In a timely and troubling expose, filmmaker Ursula Liang's lens follows the racial Balkanization of New York City, and, by extension, the whole of the country—though one rather vainly hopes some of the pathologies here are unique to a rather poisoned Big Apple. It begins with the too-familiar report of an unarmed black man killed by police.
On November 2014, Akai Gurley was fatally shot when he and his girlfriend encountered two New York Police Department officers on "vertical patrol" in a poorly maintained Brooklyn apartment building (the elevator had broken down and the light on the stairs was out). In a twist, however, the rookie officer whose gun discharged "accidentally" was not Anglo, but a Chinese-American, Peter Liang, of Brooklyn. Angry activists and agitators make it out as another case of a "killer cop" taking aim at the black community, but when Liang actually goes to trial for the death—an ultra-rarity for the NYPD—Asian activists claim that one of their own is being unfairly scapegoated. If he were white, he never would have been indicted, goes the logic.

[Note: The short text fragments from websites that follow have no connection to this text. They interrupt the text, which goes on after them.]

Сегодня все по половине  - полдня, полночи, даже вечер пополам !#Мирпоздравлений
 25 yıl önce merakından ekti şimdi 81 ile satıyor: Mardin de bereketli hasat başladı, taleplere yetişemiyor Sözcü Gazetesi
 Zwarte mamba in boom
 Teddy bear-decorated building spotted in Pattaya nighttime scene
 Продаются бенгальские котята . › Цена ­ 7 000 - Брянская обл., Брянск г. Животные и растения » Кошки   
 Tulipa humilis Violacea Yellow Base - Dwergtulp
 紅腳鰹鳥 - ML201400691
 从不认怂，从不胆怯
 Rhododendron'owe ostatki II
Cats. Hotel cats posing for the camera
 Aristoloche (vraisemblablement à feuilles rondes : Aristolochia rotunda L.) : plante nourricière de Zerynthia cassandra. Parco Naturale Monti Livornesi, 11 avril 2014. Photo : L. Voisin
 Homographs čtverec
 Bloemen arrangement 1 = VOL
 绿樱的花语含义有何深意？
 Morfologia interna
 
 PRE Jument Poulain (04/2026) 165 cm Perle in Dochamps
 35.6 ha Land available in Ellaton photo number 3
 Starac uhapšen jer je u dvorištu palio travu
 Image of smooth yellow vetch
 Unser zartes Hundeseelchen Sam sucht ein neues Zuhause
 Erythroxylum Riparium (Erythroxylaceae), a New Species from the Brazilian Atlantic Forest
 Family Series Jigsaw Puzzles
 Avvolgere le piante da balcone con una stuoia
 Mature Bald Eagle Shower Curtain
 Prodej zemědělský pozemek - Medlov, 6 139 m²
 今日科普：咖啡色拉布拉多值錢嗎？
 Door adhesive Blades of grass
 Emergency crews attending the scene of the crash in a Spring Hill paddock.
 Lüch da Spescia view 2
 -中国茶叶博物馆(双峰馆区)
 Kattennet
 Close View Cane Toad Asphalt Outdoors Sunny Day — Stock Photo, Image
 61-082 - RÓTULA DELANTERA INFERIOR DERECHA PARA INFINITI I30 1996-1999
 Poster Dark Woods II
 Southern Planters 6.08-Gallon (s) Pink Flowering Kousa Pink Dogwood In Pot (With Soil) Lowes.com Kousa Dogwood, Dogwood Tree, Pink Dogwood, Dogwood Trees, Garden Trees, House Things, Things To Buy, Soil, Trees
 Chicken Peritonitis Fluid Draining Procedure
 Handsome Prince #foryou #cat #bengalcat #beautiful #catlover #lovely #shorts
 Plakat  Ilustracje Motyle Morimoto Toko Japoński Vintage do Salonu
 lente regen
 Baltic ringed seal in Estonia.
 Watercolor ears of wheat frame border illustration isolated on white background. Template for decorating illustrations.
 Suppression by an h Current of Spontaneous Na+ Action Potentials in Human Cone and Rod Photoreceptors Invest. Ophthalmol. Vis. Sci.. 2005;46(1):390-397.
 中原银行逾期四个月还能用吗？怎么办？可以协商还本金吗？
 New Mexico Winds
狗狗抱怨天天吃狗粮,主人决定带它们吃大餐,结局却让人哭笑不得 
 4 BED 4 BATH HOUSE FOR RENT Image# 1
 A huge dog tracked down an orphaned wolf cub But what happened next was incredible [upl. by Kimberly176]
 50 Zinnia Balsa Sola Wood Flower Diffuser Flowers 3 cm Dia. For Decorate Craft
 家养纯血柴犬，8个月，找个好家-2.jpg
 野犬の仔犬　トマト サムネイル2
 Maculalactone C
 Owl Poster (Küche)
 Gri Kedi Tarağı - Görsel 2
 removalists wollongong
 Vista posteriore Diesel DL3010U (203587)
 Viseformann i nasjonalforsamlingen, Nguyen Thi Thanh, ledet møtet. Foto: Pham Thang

Typically placid Chinese-American citizens take to the streets with protest signs and rally around Liang and his family; while many are energized by finding their voice in the unaccustomed activism, it incurs the wrath of black marchers. Chinese-American neighborhood politicians reach out to the Afro-American side for solidarity but are harshly rebuffed.
The two minority groups, whose bitter experiences with racial injustice would seem to make them natural allies, are shown instead antagonizing other, and black-on-Asian violence soon makes the news (the narrative does not extend to the "Wuhan coronavirus" era, but one suspects that ingrained prejudice against Asian-Americans no more abated than did the police shootings).
In the anger and finger-pointing, the white-hot topic of police reform seems to get lost. One is reminded that Tom Wolfe's Bonfire of the Vanities (the novel, not the semi-infamous film adaptation) was, at heart, a story of racial and class division, where the justice system becomes a travesty of special interests and power plays. A few of the New Yorkers state in front of the camera that this is how the Establishment works, pitting sides against each other.
Disc extras include deleted scenes and one instance of black-Asian cooperation: rappers Pretty Boi G and Chops coming together to record a closing-credit hip-hop lament, "Elephant in the Room." A highly recommended crossover title for collections concerned with crime, social justice, pan-African, and Asian/immigrant topics.